* [Task prompt] Copy out exactly the lines from the one containing "1740 San Benito" to the last line of the records below, both included, and leave out any pictures.

* [Records for the exercise]
╭──

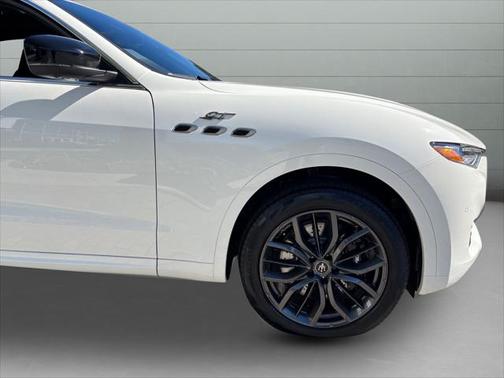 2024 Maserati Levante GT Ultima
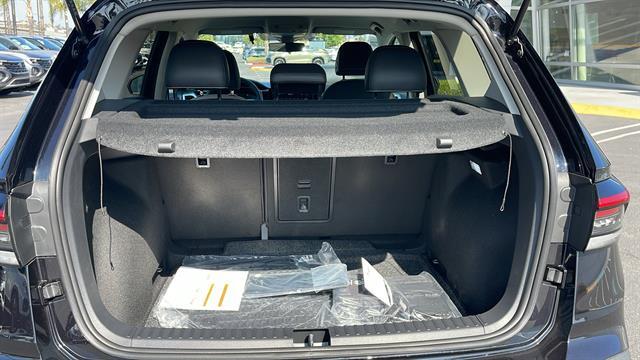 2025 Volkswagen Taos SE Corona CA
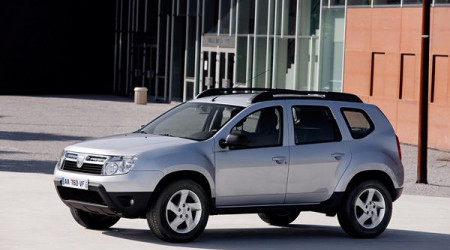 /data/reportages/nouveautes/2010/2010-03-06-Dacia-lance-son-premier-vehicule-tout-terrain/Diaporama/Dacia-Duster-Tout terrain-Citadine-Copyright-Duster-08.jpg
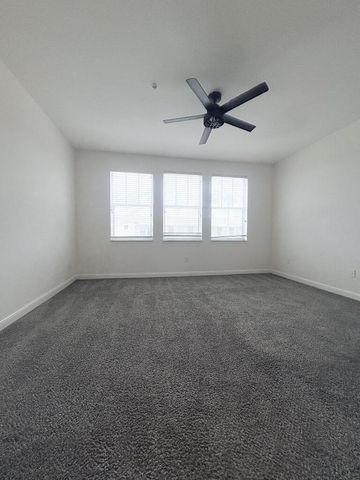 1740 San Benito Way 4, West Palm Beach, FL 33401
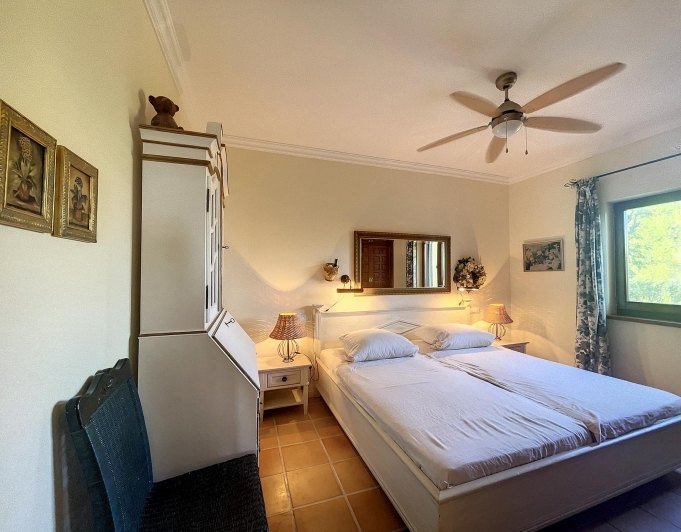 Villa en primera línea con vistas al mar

╰──

* [Answer box]
 1740 San Benito Way 4, West Palm Beach, FL 33401
 Villa en primera línea con vistas al mar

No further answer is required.